呂澎:目前看不到所謂的“黃金時代”,至于市場火爆也是過去幾年的事了。的確,這可以看成是一個走向成熟的階段,人們對藝術的認識有了變化。
嚴格地講,“黃金時代”與“市場火爆”都有很多問題需要探討,例如,什么叫“黃金時代”?誰的“黃金時代”?提出這個問題是因為中國今天的藝術存在于兩個空間:體制內與體制外。那么究竟是哪個空間的“黃金時代”?不過無論如何,體制內的美術“黃金時代”早在20世紀80年代就走到了尾聲;而體制外的藝術在市場的支持下,活力是顯而易見的,可是,體制外的藝術仍然受大的體制的限制。因此,說體制外的藝術的“黃金時代”也是不準確的。
總的說來,中國藝術處在問題的時代,我們需要從藝術的生態與藝術家的工作中去發現問題。在這個被市場病態控制的時期,我們主要還是去尋找涉及到藝術的各個問題,以便揭示更大的社會問題甚至人類問題——藝術的確還是有這個功能。
記者:如今中國藝術品市場迅速崛起,藏家與投資者也越來越多,根據你的觀察,你覺得現在中國藝術市場的藏家和投資者處在一種怎樣的認識水準上?
呂澎:大多數進入藝術市場的人仍然不是傳統意義上的藏家,他們最多是對藝術有興趣而已,或者說對藝術市場有興趣而已,專業的藝術收藏家目前少之又少,投資人或者投機分子占多數。
這里面當然有區分,對傳統字畫有興趣的投資人或者收藏家多于對當代藝術的投資人和收藏家。這是可以想象的,傳統文化對于任何中國人來說,較之當代藝術更容易理解并且也更具有文化的親和力。
面對這樣的情況,策展人和藝術史家的任務是艱巨的,他們應該承擔起藝術知識的普及以及對藝術的更為專業的教育責任。實際上,盡管收藏藝術與個人趣味有關,但是,收藏什么藝術與知識和文明有關。因此,從藝術史的角度去理解藝術仍然是最基本的文明態度,這不是說任何一個投資人或者收藏家本人不具備藝術的判斷力與鑒賞力。如果說不少人對古代字畫擁有相對完整的知識背景和文化理解力的話,問題主要還是回到了當代藝術。
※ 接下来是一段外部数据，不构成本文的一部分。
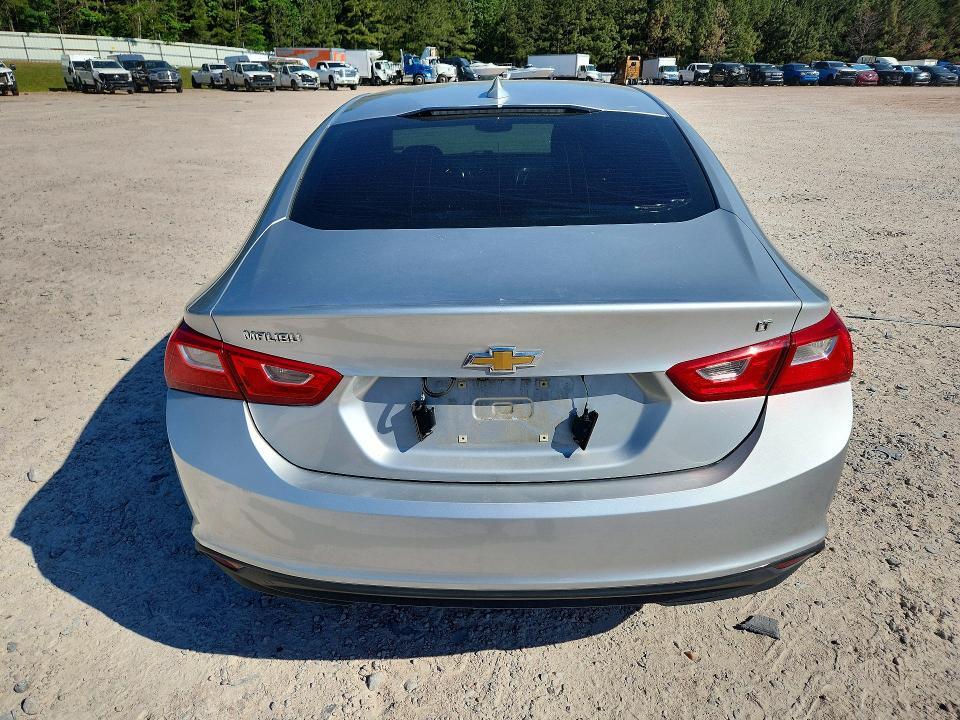 2017 CHEVROLET MALIBU LT — Фото 6 из 12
記者:那么,如何解決人們對當代藝術認知方面的困惑?人們應該如何去鑒別每天出現的新藝術?
呂澎:中國缺乏普及性的藝術教育的歷史與基礎,即便大學文科教授,在面對今天的藝術現象時也表現出捉襟見肘與不知所措,這是他們從小沒有經過基本的藝術史教育的結果,包括20世紀60年代之前出生的知識分子,從小學到大學,相信他們幾乎很少參觀過美術館,更不用說系統的藝術收藏的展覽。這些都決定了今天的藝術收藏的幼稚、缺乏藝術知識與缺乏收藏的系統性。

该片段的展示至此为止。